Exercise requirements:
Nothing other than the lines from the one containing "Land rover discovery" through the close of the entries below should be printed, each exactly.

Records shown:
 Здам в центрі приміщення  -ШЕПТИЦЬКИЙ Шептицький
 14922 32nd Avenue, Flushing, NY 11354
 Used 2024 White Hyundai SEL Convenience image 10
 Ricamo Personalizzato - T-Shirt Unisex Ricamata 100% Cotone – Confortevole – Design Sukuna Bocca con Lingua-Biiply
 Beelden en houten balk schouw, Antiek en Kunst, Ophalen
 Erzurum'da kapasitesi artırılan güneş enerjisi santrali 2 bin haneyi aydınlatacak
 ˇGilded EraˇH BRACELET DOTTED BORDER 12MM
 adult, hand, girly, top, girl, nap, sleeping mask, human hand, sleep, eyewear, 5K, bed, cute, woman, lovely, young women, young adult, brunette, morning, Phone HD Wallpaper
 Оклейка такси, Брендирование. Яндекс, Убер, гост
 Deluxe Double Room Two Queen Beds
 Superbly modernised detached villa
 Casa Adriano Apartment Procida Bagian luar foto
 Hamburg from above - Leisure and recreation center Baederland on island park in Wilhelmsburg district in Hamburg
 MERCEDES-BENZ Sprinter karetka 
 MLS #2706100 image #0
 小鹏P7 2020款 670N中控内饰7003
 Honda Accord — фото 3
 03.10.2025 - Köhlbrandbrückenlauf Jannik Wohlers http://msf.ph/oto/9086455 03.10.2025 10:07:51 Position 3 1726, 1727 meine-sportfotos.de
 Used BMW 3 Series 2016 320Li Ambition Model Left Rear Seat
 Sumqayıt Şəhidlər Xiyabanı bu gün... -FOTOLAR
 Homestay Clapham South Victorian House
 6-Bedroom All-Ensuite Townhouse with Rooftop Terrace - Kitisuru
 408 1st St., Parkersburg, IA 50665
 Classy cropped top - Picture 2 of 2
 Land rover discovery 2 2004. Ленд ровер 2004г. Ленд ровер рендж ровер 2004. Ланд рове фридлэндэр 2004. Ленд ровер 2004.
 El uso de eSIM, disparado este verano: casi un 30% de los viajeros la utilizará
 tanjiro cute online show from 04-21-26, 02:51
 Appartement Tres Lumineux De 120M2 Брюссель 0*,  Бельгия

Exercise solution:
 Land rover discovery 2 2004. Ленд ровер 2004г. Ленд ровер рендж ровер 2004. Ланд рове фридлэндэр 2004. Ленд ровер 2004.
 El uso de eSIM, disparado este verano: casi un 30% de los viajeros la utilizará
 tanjiro cute online show from 04-21-26, 02:51
 Appartement Tres Lumineux De 120M2 Брюссель 0*,  Бельгия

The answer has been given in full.